Lab 8

Unsupervised Learning

For this lab, we'll use unsupervised learning (k-Means clustering) on an image understanding task. Unsupervised learning tends to be more resource-intensive than supervised learning, so this is a good point to switch to working on Amazon's EC2 compute cloud.

One issue with supervised learning is that it can be difficult to determine how "good" a model is, and therefore difficult to tune the model parameters such as dimension. The k-Means model has a basic fit measure (total squared distance from centroids for k-Means) but this doesnt tell us much. For that reason we'll wrap a k-NN classification task around k-Means, and then we can use prediction error to evaluated various clusterings. That is, we'll cluster some labeled image data into labeled clusters, and then use k-NN on the cluster centroids to compute labels for new data points.

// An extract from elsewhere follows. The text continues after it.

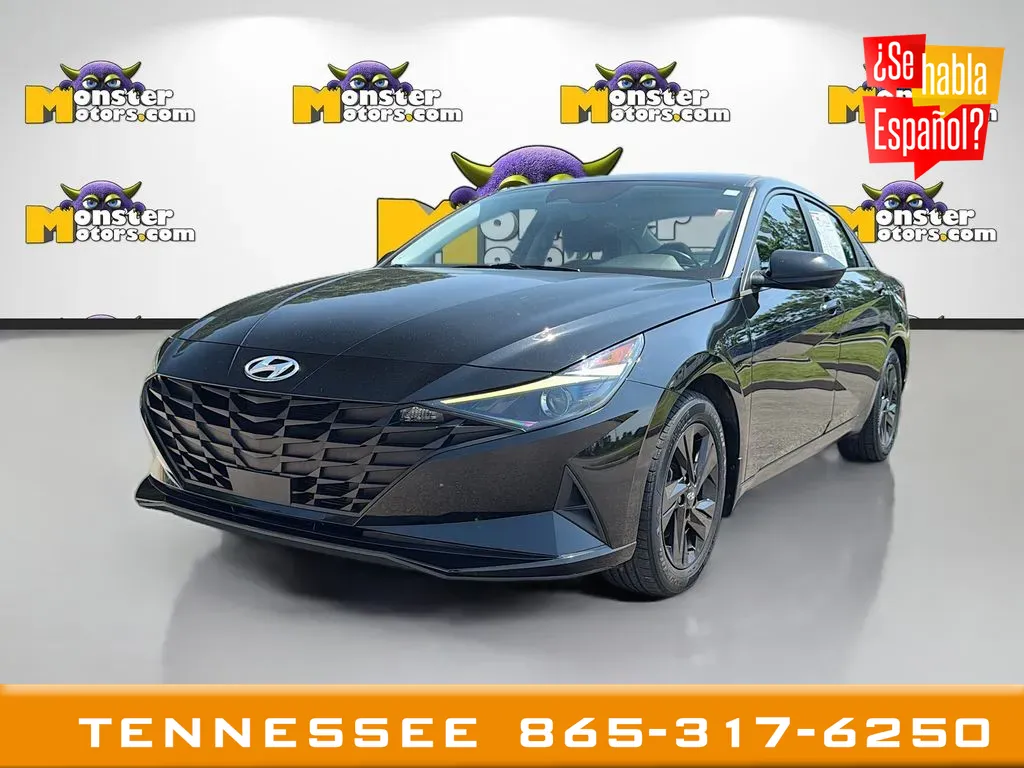 Black 2022 Hyundai Elantra SEL for sale in Louisville, TN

We'll use Scikit-Learn's k-Means clusterer as a performance baseline. We'll also use BIDMach's k-Means clusterer to scale up the model and the dataset size. Since you're new to BIDMach (and the Scala language it uses) we'll first start with a warmup notebook. You can do this before lab, and it doesnt require the EC2 instance (in fact its a waste to use it since the calculations are very short). You already have BIDMach installed in your VM. You can run BIDMach in a notebook which is based on IPython, but is actually IScala.

Warmup

Please try to do this part before lab if you can. Start your laptop VM, and open a terminal window inside. cd to

/opt/BIDMach/tutorials

and then type:

bidmach notebook

(this assumes that there is a link from ~/bin/bidmach to /opt/BIDMach/bidmach. If you dont have one, add it now).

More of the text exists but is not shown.